Donnerstag, 19. Dezember 2019

Achtzehn

Als ich mich heute nach dem Morgensport und der Dusche in der Firma anziehe, fische ich mit Schrecken eine Jeans meiner Tochter aus der am Vorabend gepackten Sporttasche. Keine Ahnung, wie das Stück in meinen Schrank gelangt ist, aber nun bleibt mir wohl nichts anderes übrig, als es anzuziehen. Die Jeans passt mir zwar in der Grösse, aber – auf dem rechten Knie prangt ein grosses ausgefranstes Loch! Nun ist eine helle Jeans an sich schon nicht mit dem Büro-Knigge vereinbar, aber eine Löcherjeans ist ein absolutes No Go!
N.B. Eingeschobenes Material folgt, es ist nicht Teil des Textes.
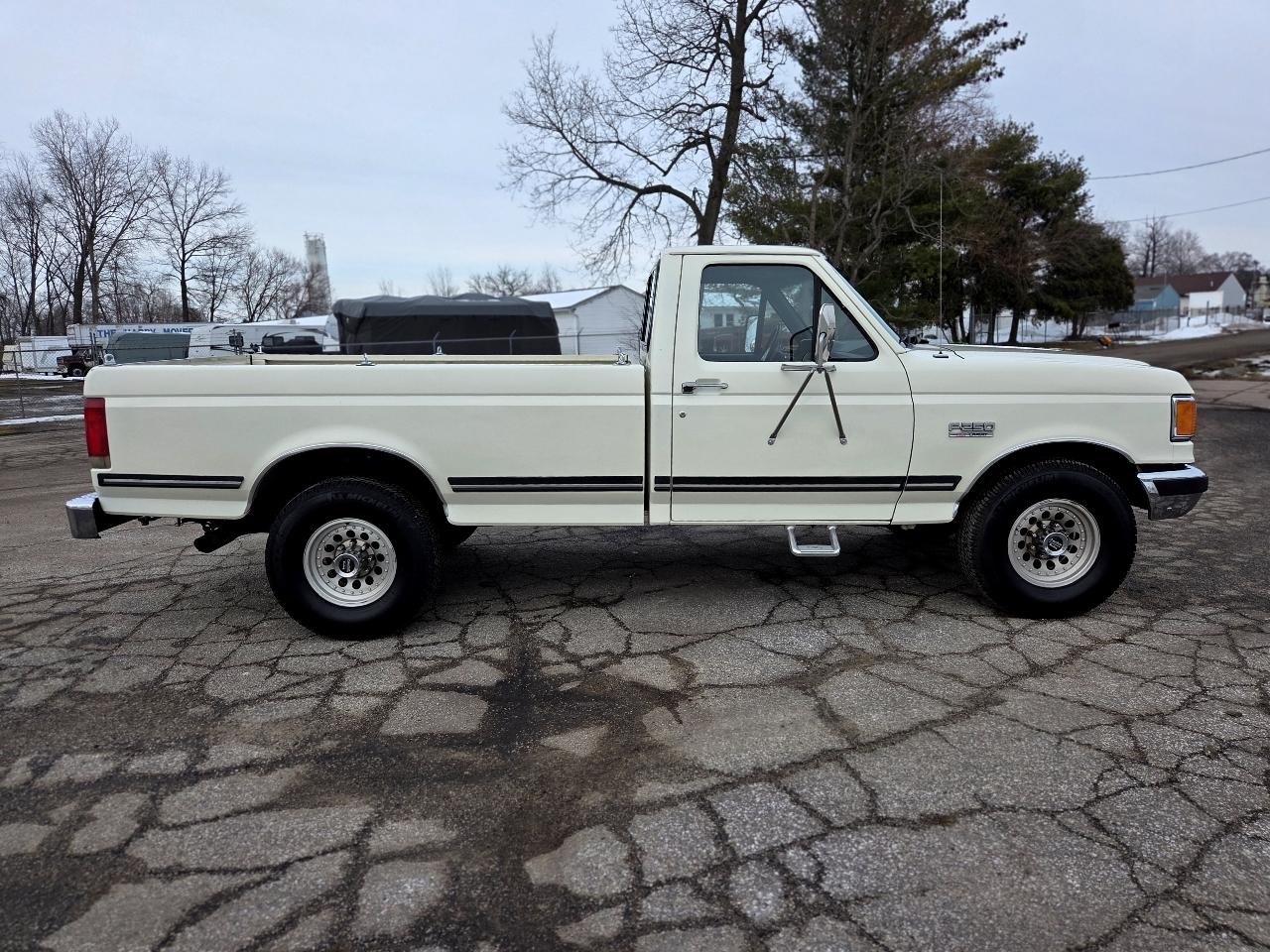 Ford F-250 XLT Lariat 1987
Ich ziehe die Jeans ungläubig an. Zum Glück habe ich in meiner Handtasche einen Notfallfaden und Nadel. Damit werde ich später das Loch aufs Ärgste zusammenschnürpfen. 
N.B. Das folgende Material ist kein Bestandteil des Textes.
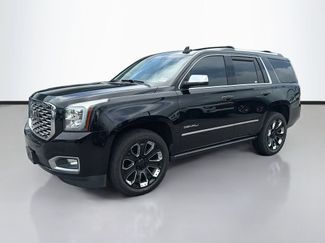 Used 2019 GMC Yukon Denali w/ Denali Ultimate Package AWD/4WD video 1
Dann wird im Radio, als ich vom Gebäude, in welcher sich die Dusche befindet, zum Hauptparkplatz fahre, das Lied „Just the two of us“ von Grover Washington Jr. abgespielt. Das passt zur Jeans! Heute will mich mein Schicksal jung halten. Ich drehe sofort die Lautstärke auf und fange im Sitzen an zu tanzen. Ich liebe diesen Song und er wird für immer Erinnerungen an geschwänzte Französisch-Stunden während meiner Gymi-Zeit hervorrufen. Unser Fussweg vom Bahnhof zum Gymnasium führte in Basel am Atlantis vorbei und die Versuchung, dort am Morgen bei einem Kaffee noch etwas zu verweilen und mit dem Kellner zu schäkern, anstatt beim Franz-Unterricht mit dem Schlaf zu kämpfen, war oft zu gross. Das Lokal stank am Morgen zwar nach abgestandenem Rauch, aber das war uns egal: Kaffee, ein Gipfeli, eine Münze in die Jukebox und immer dasselbe Lied: Just the two of us, we can make it if we try.... Der Französischlehrer konnte uns erst mal für eine Weile gestohlen bleiben.
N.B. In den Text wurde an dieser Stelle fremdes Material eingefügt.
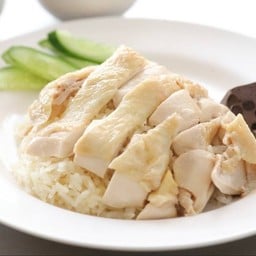 ร้านข้าวมันไก่ (หน้าโรงเรียนเทศบาล5)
Ich habe den Parkplatz schon lange erreicht, bleibe aber sitzen und geniesse die Musik. Ich lasse mein blankes Knie frech aus der Löcherjeans blitzen, schliesse die Augen und bin für einige Minuten wieder achtzehn Jahre alt.

Dann stehe ich auf, ziehe die Jeans über dem Knie notdürftigst zusammen, schüttle die jugendliche Aura ab und schreite mit ernster Miene auf das Bürogebäude zu, um dort den heutigen Tag in Angriff zu nehmen.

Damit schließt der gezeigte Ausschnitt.